I love being a New Yorker, but there are a few things that make it quite a rough task. It’s that feeling of never ever fully winning. That a job is never done unless it’s perfect. When we know deep down inside that perfect doesn’t really exist even though we want it to so dearly. At least with things in respect to ourselves. Why is it so hard for us to say out loud that we deserve a pat on the back? Or deserve a break? Even if it’s just for 5 minutes. Why do we beat ourselves up so hard about things? And why do we judge others just as hard or harder than we judge ourselves? To make us feel better about ourselves? It goes for so many aspects of our city centric lives. Our careers. Our dating lives. Those we bring into our social circles. And those we make sure to keep out. How we view ourselves in the mirror. How we overanalyze situations to the point that they crumble. How we compare ourselves to this person and that person and those people. These feelings, they can be fleeting, but they are a part of a cycle that repeats over and over again. A strive for perfection that seems manageable but in reality is more than unreasonable a lot of the times. Add the subway at rush hour, highly egotistical people in our faces for 85% of the day, rent, the annoying dude at your subway stop that keeps purposefully breaking the subway card machine and making you an extra 10 minutes late every single time, transportation delays, loud tourists, overpriced fruit at the bodega, and a whole lot more things that go along with big city living. Well these things can keep us high strung, and in no mood to find peace with ourselves, nor anything around us. It’s not a healthy relationship.

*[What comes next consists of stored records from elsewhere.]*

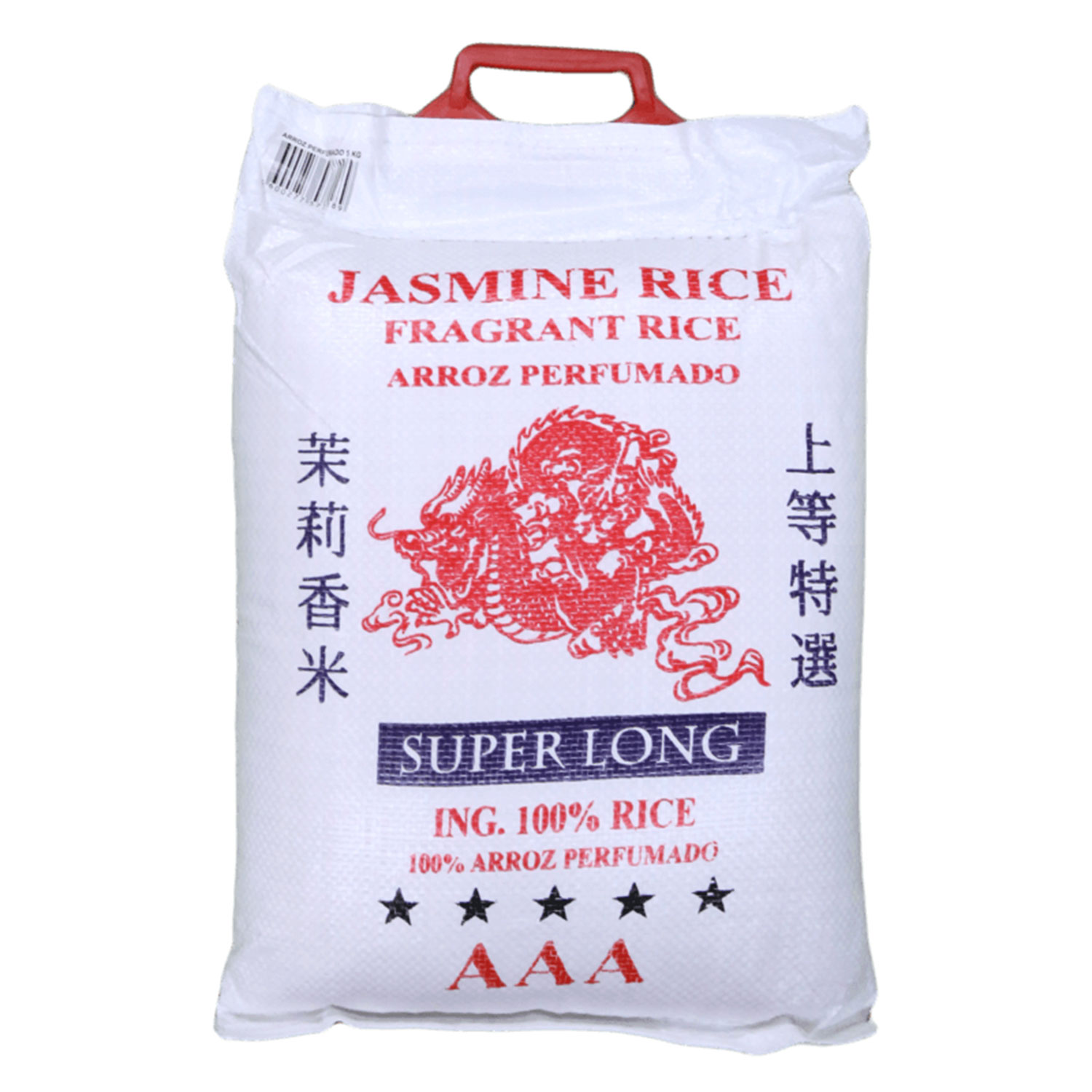 SUPER LONG ARROZ 5 KG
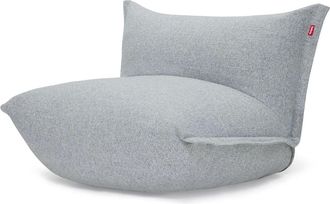 Fatboy The BonBaron Slim Lounge Sessel, grau (Boucl&eacute;)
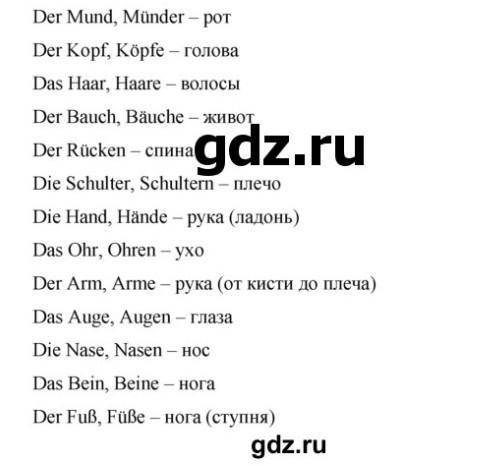 поделить слова на 3 столбика по родам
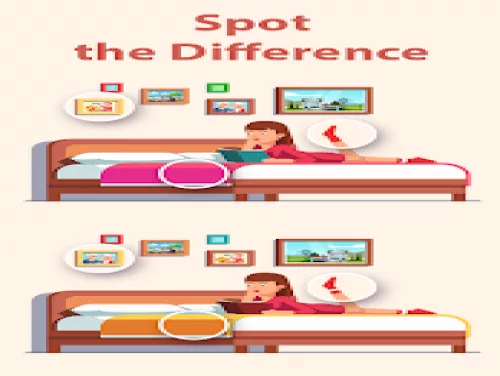Cheats für TapTap Differences - Observation Photo Hunt auf Android e iPhone Cheats für TapTap Differences - Observation Photo Hunt auf Android e iPhone
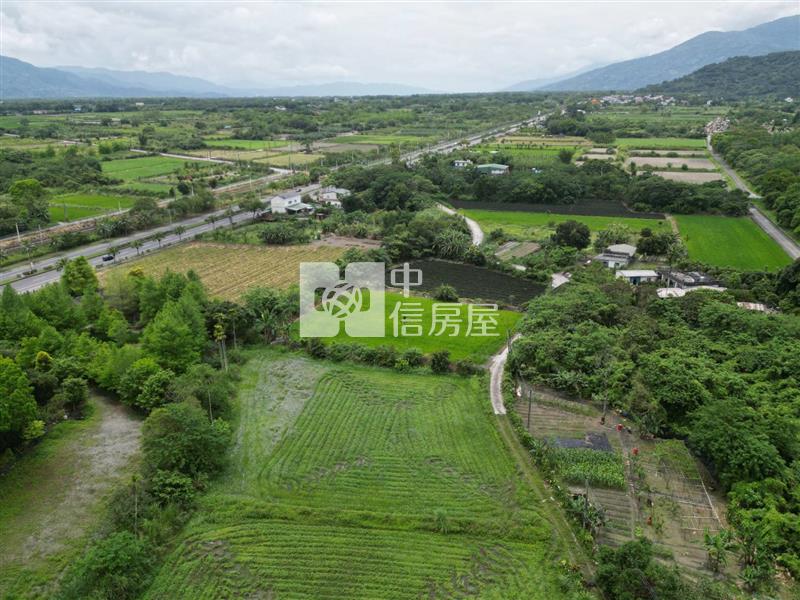 壽豐台九線溪口農地房屋室內格局與周邊環境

How did I find a way to break the mold of the typical go, go, go, one track minded New Yorker that is endlessly looking for the next best thing?
Well, I stopped looking for the next best thing all the damn time. I made a commitment to slow things down by telling myself that is what I had to do to keep from getting jaded. I took notice when my stress levels went up, or when my mood was more aggressive or the world seemed much more near the end over the tiniest of things (all feelings that are so unnecessary), and it was these days that I tried to find new ways to take a few steps back as everyone and everything seemed to rush, rush, rush. I stopped comparing myself so much to other people (even though I catch myself sometimes still doing so, and I quickly snap myself out of that funk). I stopped being impatient (I even tried smiling when the people in front of me were too slow). Instead of swearing at the heat and crowdedness of the subway, I embraced the extra time I got to listen to my music and turned it up, up, up. I started to look at the sky more, and the details of the buildings, and the faces of interesting looking people. Soon, I felt like I began to enjoy things so much more and in a much better way. I always got my job done, but in this new way the process felt sweeter and more long-lived. Just because I live in NYC, doesn’t mean I always have to keep up at it’s pace. This decision was also what saved me my sanity. And in NYC, that is a lot to say. It was all baby steps, don’t get me wrong. And there are still days when I want to kick and punch something because this city gets me so annoyed sometimes, but I know I wouldn’t and couldn’t be anywhere else right now. And that’s because I’m doing the city on my own terms. It can be done. Just take a second, look around you and find the things you love and that inspire you to love. And then take a few more seconds, or minutes or hours contemplating these things. It’s the best way to make time slow down in this city, and it won’t drive you as mad, I promise. There are more gems than pieces of junk, although it seems the opposite a lot of times. But our minds can have a good way of turning things all around to the way we want them to be when we really need it. And thank goodness for that. If you ever find yourself falling into a rut, feeling low or just straight up fed up, you can also just imagine yourself running in a field of flowers. It’s a magical remedy.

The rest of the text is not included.